Orbital characteristics
- Epoch 31 July 2016 (JD 2457600.5)
- Uncertainty parameter 0
- Observation arc: 117.86 yr (43050 d)
- Aphelion: 3.7223 AU (556.85 Gm)
- Perihelion: 2.69998 AU (403.911 Gm)
- Semi-major axis: 3.21115 AU (480.381 Gm)
- Eccentricity: 0.15919
- Orbital period (sidereal): 5.75 yr (2101.8 d)
- Mean anomaly: 7.2090°
- Mean motion: 0° 10^{m} 16.608^{s} / day
- Inclination: 8.5545°
- Longitude of ascending node: 344.881°
- Argument of perihelion: 68.563°

Physical characteristics
- Dimensions: 75.72±1.7 km
- Synodic rotation period: 6.737 h (0.2807 d)
- Geometric albedo: 0.1068±0.005
- Absolute magnitude (H): 8.65

= 325 Heidelberga =

Main-belt asteroid

325 Heidelberga is a large main belt asteroid that was discovered by German astronomer Max Wolf on 4 March 1892 in Heidelberg. It is orbiting the Sun at a distance of 3.21 AU with an eccentricity (oval shape) of 0.159. The orbital plane is inclined at an angle of 8.55° to the ecliptic.

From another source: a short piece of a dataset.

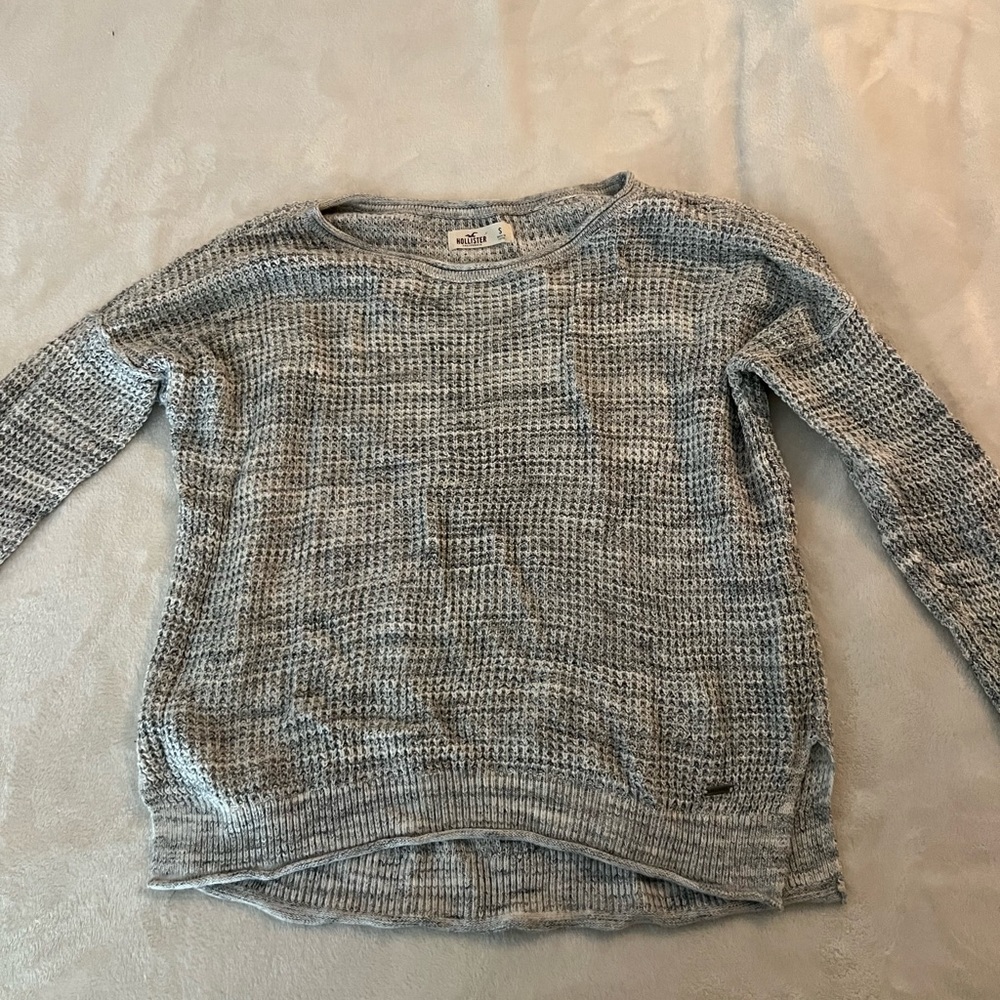 Women’s grey knit sweater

Based upon its spectrum, 325 Heidelberga is classified as an M-type asteroid. No absorption features have been detected with certainty, indicating it most likely has a nickel-iron or enstatite chondrite composition. A weak feature in the near infrared spectrum indicates the presence of low-iron orthopyroxene on the asteroid surface.